Brad Mehldau E minor / E major (2015)

ブラッド・メルドーは語る。
ホ長調とホ短調は互いに並置する性質を持つ。ある時はとても明確なコントラストを描くのに、その癖、実にしばしば溶け合うと。

そんな彼が、いくつかのコンサートで採り上げたホ長調とホ短調の作品を一つのディスクにまとめている。それは、相対の世界を描き、同時に一体の、つまり絶対の世界を描写する如く、本当に一つの素晴らしい世界を創出している。実に興味深い。

・Brad Mehldau:E minor / E major

Personnel
Brad Mehldau (piano)

メルドーは思索の人だ。ピアノの詩人だと言っても良い。

“La Mémoire et la Mer” (Leo Ferré) (2011.9.10Live)
フランスの歌手レオ・フェレの名曲(フォン・オッターとのアルバム”Love Songs”には「時の流れに」が収録される)をメルドーは、実に感傷的に、即興を織り交ぜ響かせる。(演奏の最後にはハ短調に落ち着く)孤独かつ高尚なその音楽は、僕の心を捉えて離さない。音楽は、ハ短調からホ長調へと移り行く。

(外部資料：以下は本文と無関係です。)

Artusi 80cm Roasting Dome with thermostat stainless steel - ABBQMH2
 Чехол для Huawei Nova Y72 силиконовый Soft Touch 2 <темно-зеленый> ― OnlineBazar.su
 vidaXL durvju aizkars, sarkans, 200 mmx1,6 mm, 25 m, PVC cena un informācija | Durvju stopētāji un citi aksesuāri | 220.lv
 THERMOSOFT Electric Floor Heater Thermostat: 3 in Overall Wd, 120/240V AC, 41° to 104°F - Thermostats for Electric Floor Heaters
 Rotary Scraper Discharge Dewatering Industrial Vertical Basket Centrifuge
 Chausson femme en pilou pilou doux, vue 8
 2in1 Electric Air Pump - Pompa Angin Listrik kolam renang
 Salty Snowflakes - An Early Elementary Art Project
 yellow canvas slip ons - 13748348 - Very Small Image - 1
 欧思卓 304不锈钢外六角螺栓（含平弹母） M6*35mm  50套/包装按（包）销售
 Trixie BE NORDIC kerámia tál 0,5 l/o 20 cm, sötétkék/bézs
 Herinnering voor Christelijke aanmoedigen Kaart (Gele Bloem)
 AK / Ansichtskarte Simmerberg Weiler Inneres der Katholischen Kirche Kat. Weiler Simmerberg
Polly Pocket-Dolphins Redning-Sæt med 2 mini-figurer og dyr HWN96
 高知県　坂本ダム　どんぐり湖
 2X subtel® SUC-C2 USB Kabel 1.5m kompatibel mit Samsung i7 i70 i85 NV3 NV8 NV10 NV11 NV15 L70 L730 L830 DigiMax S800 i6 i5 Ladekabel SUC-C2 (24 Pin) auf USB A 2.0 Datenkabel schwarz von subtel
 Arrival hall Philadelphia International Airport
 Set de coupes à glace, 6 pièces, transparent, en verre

“Bitter Sweet Symphony / Waterloo Sunset” (Richard Ashcroft / Keith Richards / Mick Jagger) (2011.3.29Live)
何と彼はここでブラームスの交響曲第1番を引き合いに出す。ハ短調の第1楽章ウン・ポコ・ソステヌート—アレグロからホ長調の第2楽章アンダンテ・ソステヌートへの移り変わりこそ、メルドーが目指す劇的効果の一つであり、そこに彼は官能を感じるのだと言うのだ。しかも、ストーンズの名曲が錯綜し、音楽に一層の神秘をもたらす。その官能を引きずったまま、いよいよ音楽は次のブラームスへと引き継がれる。

“Intermezzo in E minor, Op.119-2” (Johannes Brahms) (2011.3.25Live)
最晩年のブラームスの、厳格なピアノ小品が、即興的に実に柔らかく表現される様子に言葉がない。メルドーにとってブラームスの作品にあるのはやはり官能だという。こんなブラームスは聴いたことがなかった。グレン・グールドの名盤に匹敵する美しさよ。続いて、18分近くに及ぶブルース・ロックンロール。

“Interstate Love Song” (Eric Krets / Robert DeLeo / Scott Weiland / Dean DeLeo) (2014.3.10Live)
オルタナティヴ・ロック・バンド、ストーン・テンプル・パイロッツのセカンド・アルバム「パープル」からの1曲をメルドーは自由に解体し、自在に拡張する。光と翳が明滅する音の背景に僕は思わずのけ反る。次の”Hey You”から”God Only Knows”にかけてはこの音盤のクライマックスになろう。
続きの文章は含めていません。